For a $50,000 budget film written, directed, and starring a 23-year-old, it's quite competently done. It gets lumped in with the "mumblecore" movement, but the dialogue is crisply written and well-recorded. The word that kept coming to my mind is "watchable." 

Tiny Furniture is not laugh out loud funny, but it gets funnier a second time through as you pick up that you aren't supposed to feel terribly sorry for Dunham's dumpy character as she endures repeated humiliations trying to launch a career as a hipster media sensation. She isn't supposed to be likable, as she does selfish things to people trying to be nice to her. She's a young, female George Costanza, but an ambitious egomaniac to boot, lacking George's contentment with his own mediocrity. 

You sympathize a little with her for having a mother / role model who has, somehow, clawed her way to making a lot of money in the New York art scene by taking art photos of tiny furniture (played in the movie by Dunham's real life mother, who, indeed, makes money selling in galleries her photos of tiny furniture). But, it's an inherently absurd situation.

So, who exactly are all the aggrieved People of Color who want to be this character's friend? And why?

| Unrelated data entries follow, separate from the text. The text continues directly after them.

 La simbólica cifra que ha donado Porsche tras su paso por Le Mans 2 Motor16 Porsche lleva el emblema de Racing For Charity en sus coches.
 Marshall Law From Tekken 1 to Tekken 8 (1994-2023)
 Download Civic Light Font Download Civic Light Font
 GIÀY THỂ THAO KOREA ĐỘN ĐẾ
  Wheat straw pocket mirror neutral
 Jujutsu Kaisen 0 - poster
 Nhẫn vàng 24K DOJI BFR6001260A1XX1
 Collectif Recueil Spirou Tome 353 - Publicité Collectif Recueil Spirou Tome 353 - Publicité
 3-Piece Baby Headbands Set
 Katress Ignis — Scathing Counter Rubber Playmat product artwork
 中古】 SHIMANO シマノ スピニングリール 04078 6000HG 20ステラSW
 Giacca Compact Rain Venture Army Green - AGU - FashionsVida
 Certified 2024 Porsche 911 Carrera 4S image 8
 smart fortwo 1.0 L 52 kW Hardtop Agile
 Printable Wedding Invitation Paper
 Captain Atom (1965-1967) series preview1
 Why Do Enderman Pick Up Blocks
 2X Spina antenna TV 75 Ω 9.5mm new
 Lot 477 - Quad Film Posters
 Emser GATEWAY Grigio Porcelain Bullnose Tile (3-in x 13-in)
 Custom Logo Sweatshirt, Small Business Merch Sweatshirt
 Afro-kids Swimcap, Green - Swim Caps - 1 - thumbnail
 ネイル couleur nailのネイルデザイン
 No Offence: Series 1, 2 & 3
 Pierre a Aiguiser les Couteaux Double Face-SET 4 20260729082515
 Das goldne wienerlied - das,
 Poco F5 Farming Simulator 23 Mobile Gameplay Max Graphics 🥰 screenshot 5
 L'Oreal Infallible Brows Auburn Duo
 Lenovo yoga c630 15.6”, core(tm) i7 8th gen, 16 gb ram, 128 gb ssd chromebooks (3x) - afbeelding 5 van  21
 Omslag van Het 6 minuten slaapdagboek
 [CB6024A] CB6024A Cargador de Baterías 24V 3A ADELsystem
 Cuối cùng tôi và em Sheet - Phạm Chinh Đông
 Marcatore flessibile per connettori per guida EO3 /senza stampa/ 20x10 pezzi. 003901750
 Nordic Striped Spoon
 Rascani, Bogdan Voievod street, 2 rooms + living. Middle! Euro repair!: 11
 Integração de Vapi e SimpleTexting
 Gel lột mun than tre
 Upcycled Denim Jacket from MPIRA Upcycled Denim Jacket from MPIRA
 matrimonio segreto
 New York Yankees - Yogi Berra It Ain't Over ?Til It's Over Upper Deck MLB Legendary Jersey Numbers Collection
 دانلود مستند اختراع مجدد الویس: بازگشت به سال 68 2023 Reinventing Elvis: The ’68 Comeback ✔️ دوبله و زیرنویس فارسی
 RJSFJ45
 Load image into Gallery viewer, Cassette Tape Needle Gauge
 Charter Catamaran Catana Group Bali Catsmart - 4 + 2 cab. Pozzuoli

And that raises the question of earlier New York sitcoms about People of Pallor, such as Seinfeld, where the only memorable black character was Kramer's Johnny Cochran-inspired lawyer. After Seinfeld and, especially, after Curb Your Enthusiasm (by which point Larry David had a half billion dollars, so even if he got Michael Richardized if a race joke went over wrong, he'd still have a half billion dollars), isn't it pretty obvious that Larry David's views on race are closer to mine than to those of all the folks who are in a huff over Lena Dunham's three titular friends being white. At least on the central issue — Race Is Not a Joking Matter! — me and Larry are on the same side of the barricades.